Data:
==========

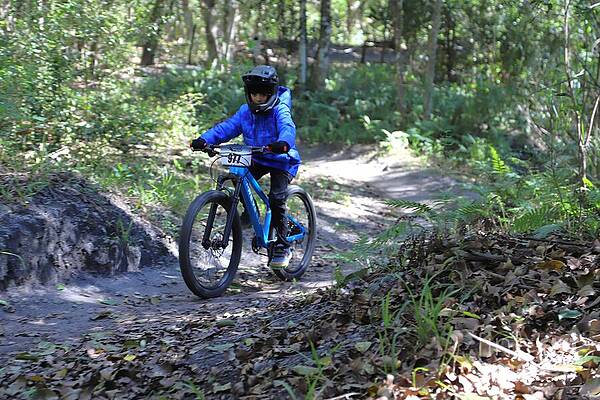 Mountain Biker in Forest Trail Wall Art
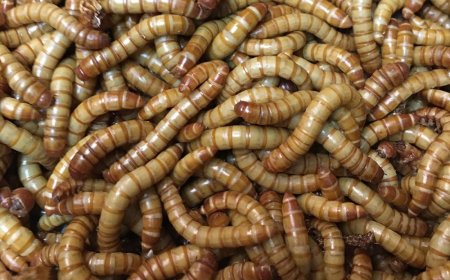 Muri Repubulika Iharanira Demokarasi ya Congo iminyorogoto yabaye imari ishyushye mu kurwanya imirire mibi mu bana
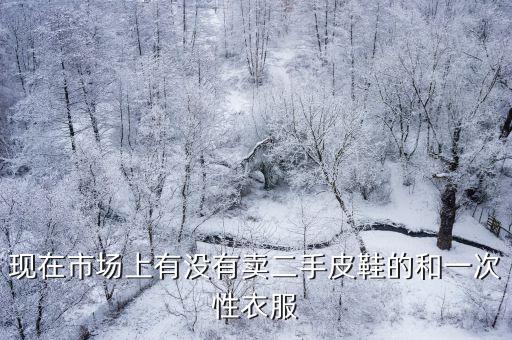 現在市場上有沒有賣二手皮鞋的和一次性衣服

==========

What is being asked: Word for word, quote the full listing, omitting every picture.

Expected answer:
 Mountain Biker in Forest Trail Wall Art
 Muri Repubulika Iharanira Demokarasi ya Congo iminyorogoto yabaye imari ishyushye mu kurwanya imirire mibi mu bana
 現在市場上有沒有賣二手皮鞋的和一次性衣服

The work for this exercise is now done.